3 BuyWrite ETFs to Protect Against Market Volatility ETF News And Commentary
Post on: 27 Апрель, 2015 No Comment
The year 2015 saw a shaky start on the bourses, bringing volatility back into the market. The relentless slide in crude oil prices. political turmoil in Greece, crisis in Russia, global economic growth concerns, and rising credit spreads are weighing on investors’ sentiments lately.  
This is especially true as the S&P 500 and Dow Jones Industrial Average slipped into red, losing 0.7% and 0.5%, respectively, since the start of the New Year. The first three trading days saw the worst decline for the stocks followed by a two-day strong rally. However, the benchmarks again dipped on Friday on the falling U.S. wage data for December despite robust hiring (read: ETFs with Happy/Horrid Start to the New Year ).

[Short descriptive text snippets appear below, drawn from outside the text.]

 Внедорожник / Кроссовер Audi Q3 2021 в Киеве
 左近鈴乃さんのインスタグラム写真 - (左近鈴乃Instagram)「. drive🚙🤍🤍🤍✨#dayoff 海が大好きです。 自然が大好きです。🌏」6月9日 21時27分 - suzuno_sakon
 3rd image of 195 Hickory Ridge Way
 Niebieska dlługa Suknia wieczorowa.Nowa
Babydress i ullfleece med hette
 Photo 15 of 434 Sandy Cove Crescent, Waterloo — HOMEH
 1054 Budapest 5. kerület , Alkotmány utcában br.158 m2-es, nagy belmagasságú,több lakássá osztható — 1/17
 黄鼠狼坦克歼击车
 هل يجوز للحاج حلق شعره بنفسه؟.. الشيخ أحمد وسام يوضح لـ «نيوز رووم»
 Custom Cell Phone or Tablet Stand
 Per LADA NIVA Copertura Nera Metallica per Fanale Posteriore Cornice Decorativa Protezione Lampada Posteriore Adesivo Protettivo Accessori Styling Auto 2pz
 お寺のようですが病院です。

Further, volatility is expected to rise in the coming weeks as the slump in oil prices shows its adverse effect on Q4 earnings. As per the Zacks Earnings Trend, the earnings estimate shows 1.2% growth, down sharply from 9.6% growth projected in early October and 6.9% reported in Q3. Revenues will likely be down 0.5% on modestly higher net margins.
In fact, the magnitude of negative revisions was the highest in recent quarters and the weakness is broad-based with the estimates of 13 out of 16 Zacks sectors witnessing negative revisions. Among the sectors, energy has seen the highest negative estimate revision over the past three months, followed by materials and industrial products.
Despite the volatility, the U.S. economy now looks much stronger than was in the past decade and is on track for the strongest annual job growth since late 1999. Stepped-up manufacturing and industrial activities, renewed confidence in the housing market, and rising consumer confidence could propel the stocks higher once again (read: 5 Must-Have ETFs for 2015 ).
In such a backdrop, investors are looking for investments that provide capital appreciation opportunities in the equity world with simultaneous downside protection. A gainful option for now could be the ‘Buy-Write’ strategy.
Buy-Write Strategy in Focus
A buy-write is an option strategy that involves buying a stock or a basket of stocks and then selling or writing call options on those same assets. With this process, the portfolio aims to generate additional monthly income from the call option (premiums collected). If the product stays flat or declines slightly, investors keep the premium and their stock. However, if prices rise, investors only receive the premium and the stocks are sold at the price that was agreed upon in the covered call.
As such, the products would probably underperform in the bull markets, as this strategy eats away the gain potential especially in a short time frame. However, investors seeking to make a play on the broad U.S. equity indices using this strategy could consider the following ETFs (read: Best ETF Strategies for 2015 ):
PowerShares S&P 500 BuyWrite Portfolio ETF ( PBP )
This fund tracks the CBOE S&P 500 BuyWrite Index, which measures the performance of a hypothetical buy-write strategy on the S&P 500 Index. This strategy includes holding a long position of the stocks in the S&P 500 and selling a succession of covered call options, each with an exercise price at or above the prevailing price level of the S&P 500 Index.
The fund has amassed $394.6 million in AUM and trades in average daily volume of nearly 173,000 shares a day. Though the product is a bit pricier than other choices, charging 75 bps in annual fees, this could be making up in terms of yield. The ETF has an annual yield of 4.14% mainly due to the premium received by writing the call option.
Horizons S&P 500 Covered Call ETF ( HSPX )
This ETF seeks to match the performance of the S&P 500 Stock Covered Call Index, which  holds a long position in the stocks of the S&P 500 Index while at the same time, short (write) call options on option-eligible stocks in the S&P 500 Index.
This fund has accumulated $26.4 million in its asset base and charges 65 bps in fees per year from investors. Volume is light as it exchanges less than 14,000 shares in hand on average daily basis. The ETF has 2.66% in annual dividends.
Barclays iPath S&P 500 BuyWrite Index ETN ( BWV )
This is an ETN option and tracks the similar index as that of PBP. Unlike PBP, the ETN carries credit risk from the issuing institution — Barclays. The note is less popular and less liquid as depicted by its AUM of $12.4 million and average volume of under 2,000 shares. The ETN charges 0.75% in fees and expenses (see: all the Long-Short ETFs here ).
Bottom Line
These products are appropriate for investors seeking high levels of current income and a hedged exposure to the large cap U.S. equities. It is worth noting that the funds will lag significantly during a boom time, but will be an interesting choice in flat or declining markets, especially for investors seeking extra income in the current low rate environment.